Professor David Payne is the Director of the University of Southampton’s Optoelectronics Research Centre (ORC) and, in 1987, he led the research group which invented the first telecommunications optical amplifier – the Erbium-Doped Fibre Amplifier (EDFA) – an invention that made long-distance optical communication a reality.
Prof Payne said: “Optical fibres created the high-speed connected world, and their outstanding success has been one of our greatest achievements. Without optical fibres and amplifiers, it’s hard to imagine the internet we know today.”
The EDFA overcame the problem of signal fading during data transmission over large distances, even when using highly transparent fibre. Today, virtually every optical fibre is amplified with EDFAs. The EDFA was the result of blue skies research, which was 15 years ahead of its time and was carried out when there was no commercial market for its findings.

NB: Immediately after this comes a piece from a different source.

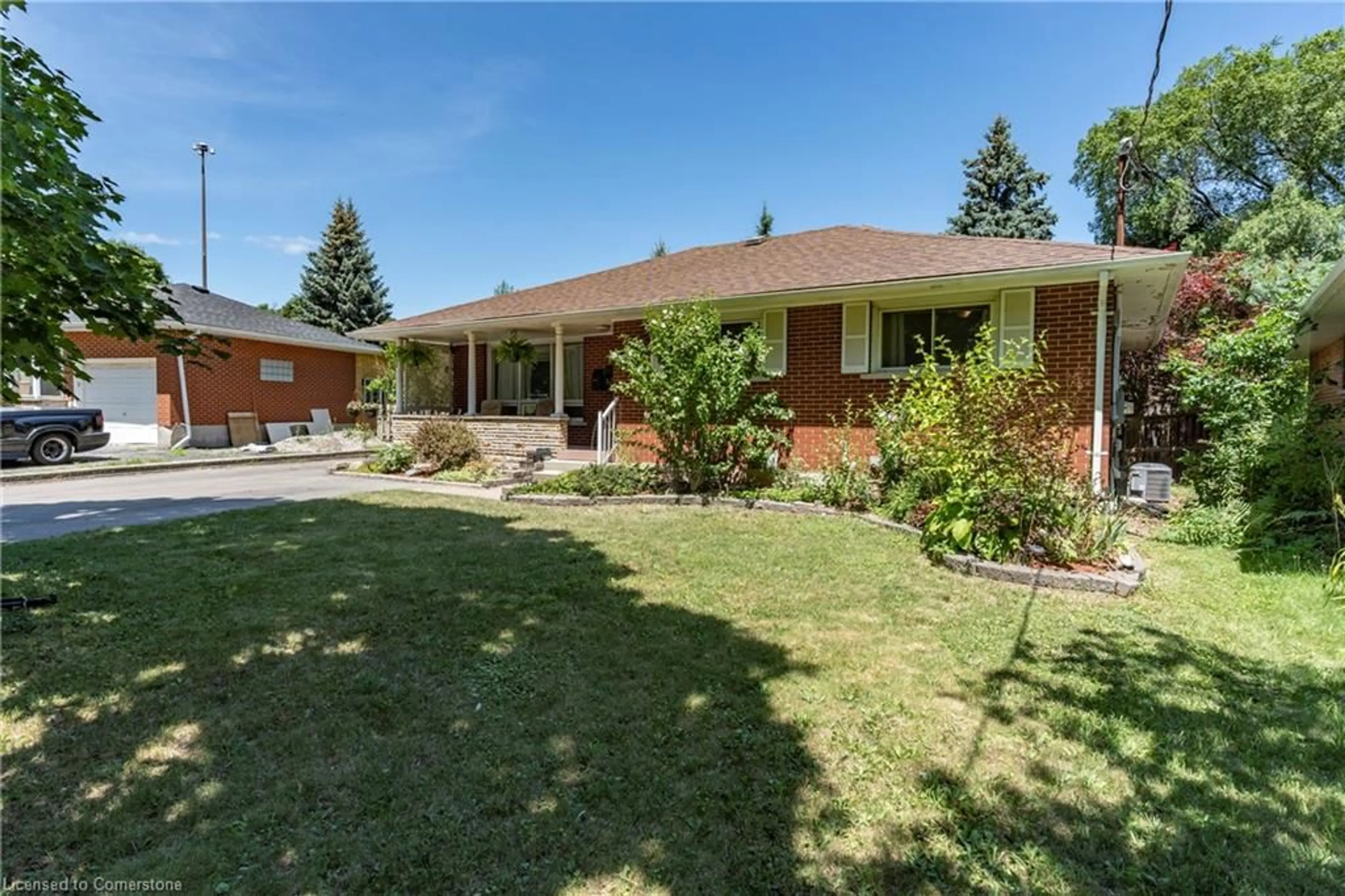 Home with brick exterior material, street for 104 Boniface Ave, Kitchener Ontario N2C 1L9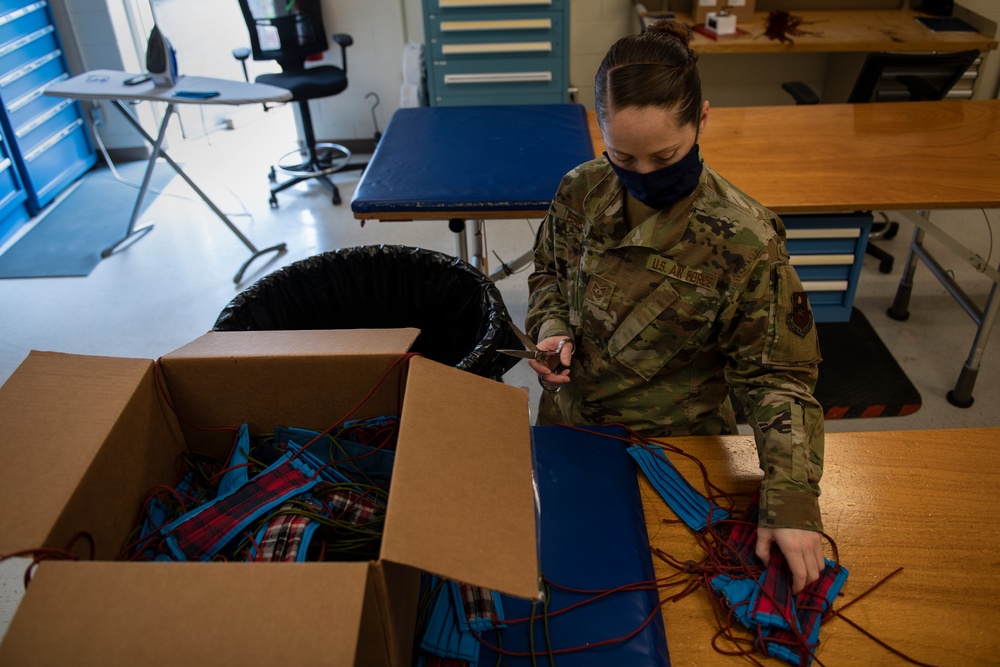 Airmen, volunteers of AAFB unite to create masks to fight COVID-19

The Optoelectronics Research Centre
The ORC was established in 1989, with EPSRC funding, and is now a world-leading centre for photonics, optical telecommunication and high-power lasers, ranging from 10W – 2.2kW.

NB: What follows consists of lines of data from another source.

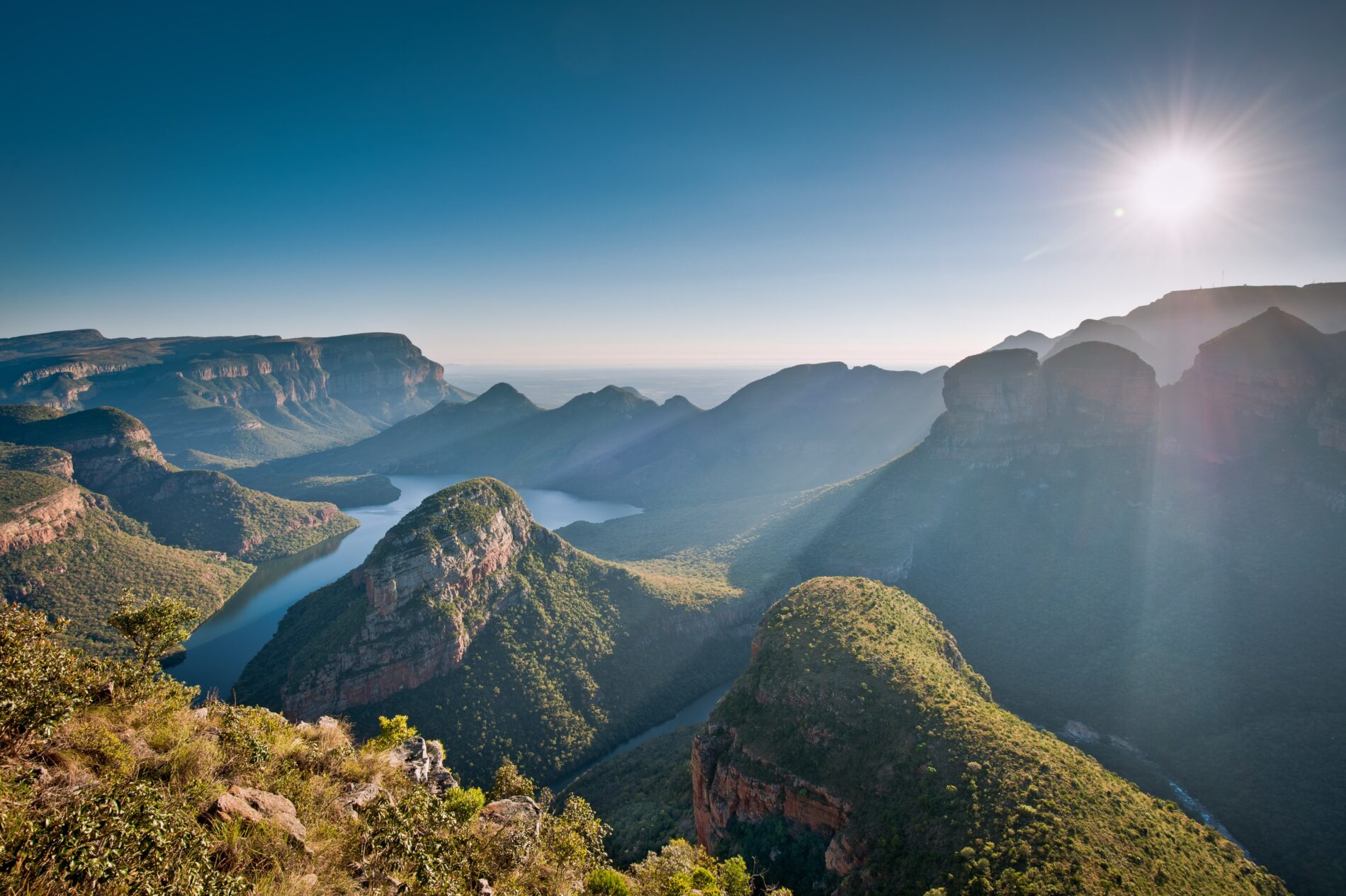 Sun sets behind breathtaking Blyde River Canyon landscape.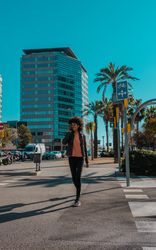 Woman with afro hair walking through the streets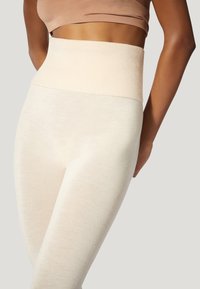 Leggings a vita alta in un morbido tessuto beige. Presentano una cintura larga con costine e una superficie liscia e elastica. Design aderente.
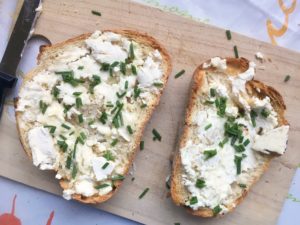 slices of bread, toasted, with goat cheese and chives, rustic on cutting board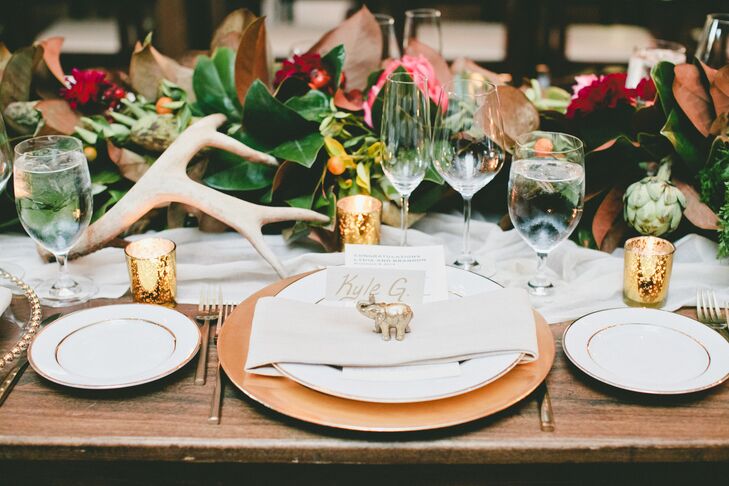 A gold elephant decorated each setting on the wooden dining tables, positioned near the white and gold escort card. White and gold plates contributed to the overall color scheme of the elegant dining display.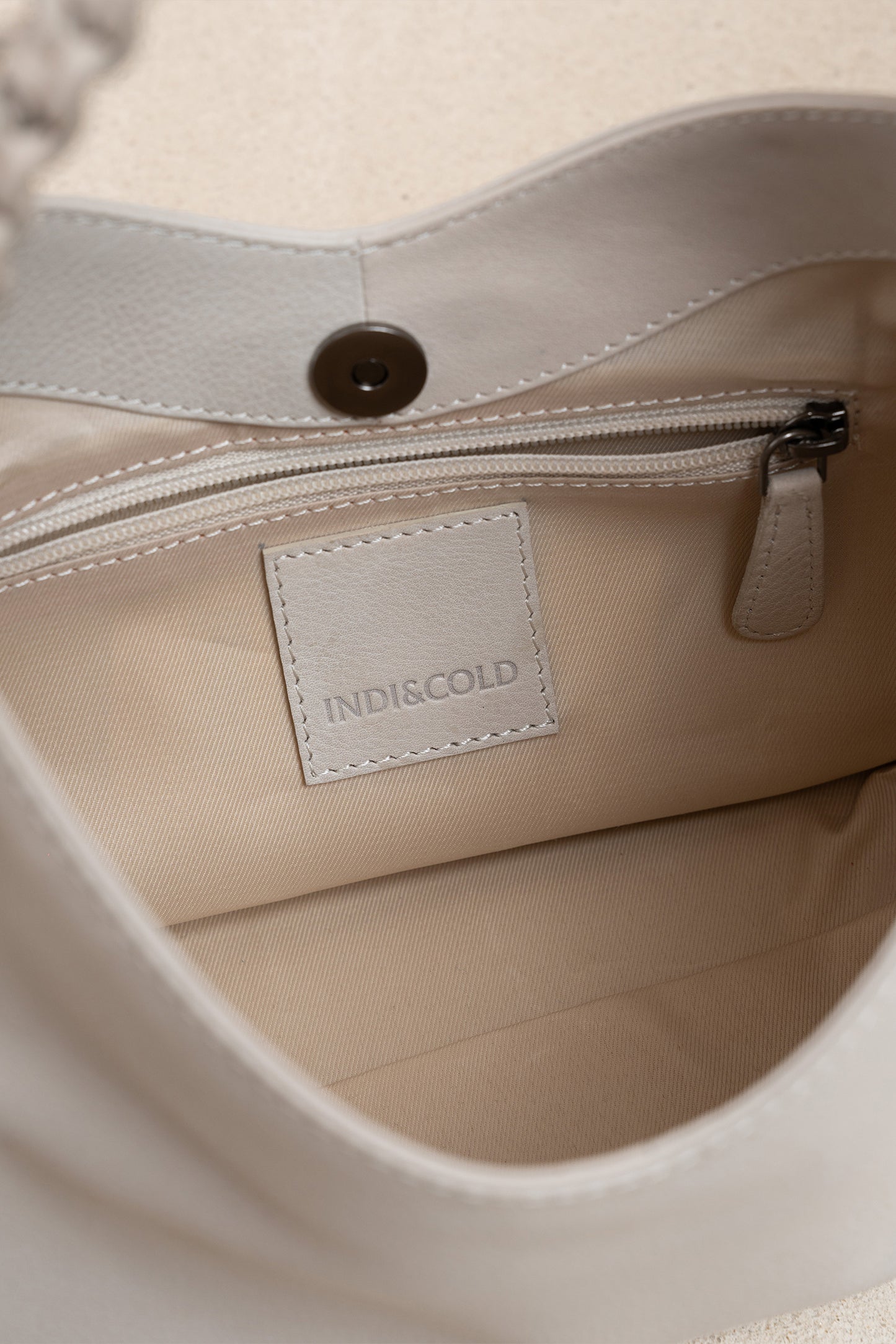LEATHER BAG WITH BRAIDED HANDLE
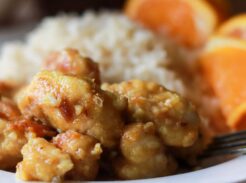 Health orange chicken on a white plate with rice and orange slices.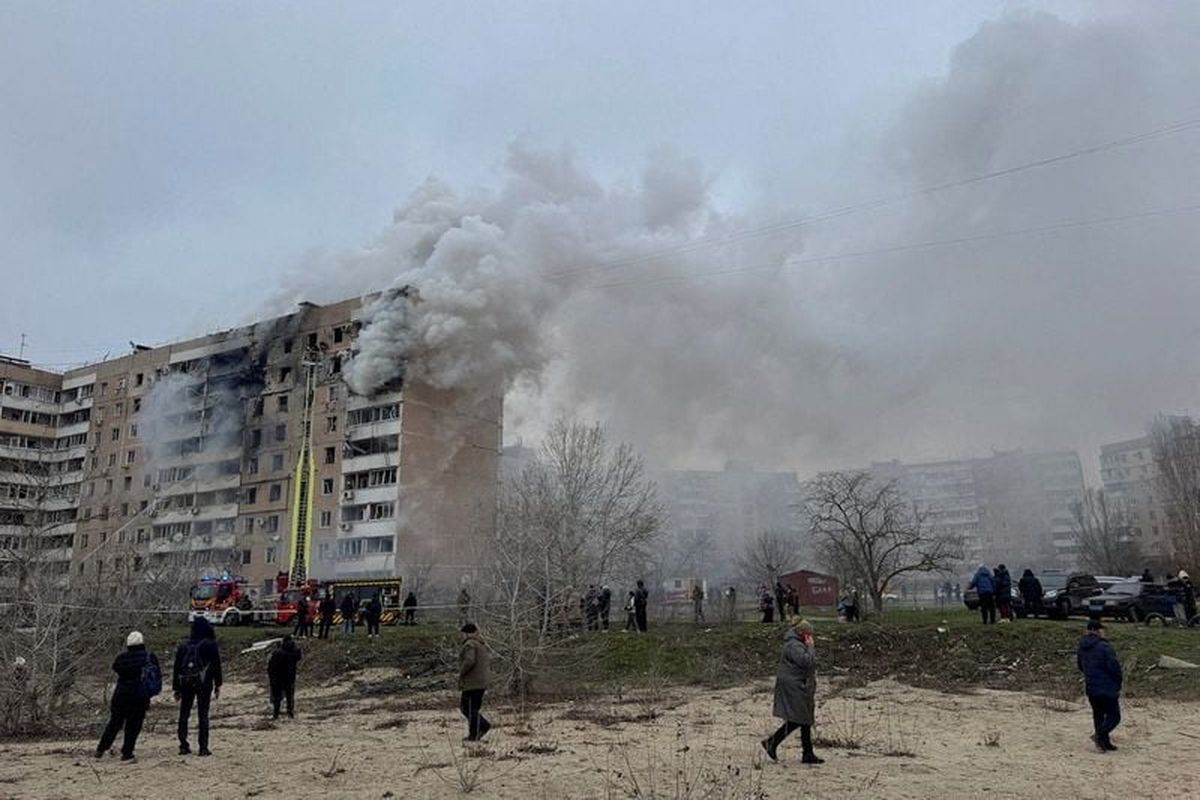 FILE PHOTO: Residents walk in front of an apartment building hit by a Russian air strike, amid Russia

The ORC has also developed non-toxic glass fibres for use in key-hole surgery and, as a result of ORC research, there has been a 30% increase in the number of surgical stents manufactured with fibre lasers, worldwide.
Currently, there are 700 doctoral level ORC alumni holding senior positions in industry and academia, worldwide. The ORC has now licensed over 30 key patents and regularly collaborates with industrial giants, such as Boeing, Cisco, Sharp and BAE Systems.
In 2010, the Engineering and Physical Sciences Research Council (EPSRC) Centre for Innovative Manufacturing in Photonics was established at the University of Southampton under the leadership of Professor Payne.
Photonics research has allowed the world to harness the power of light. Lasers and fibre-optic networks power modern high-speed communications and the internet. Laser surgery has revolutionised healthcare, and laser technology is vital to modern manufacturing, generating new industries and new jobs.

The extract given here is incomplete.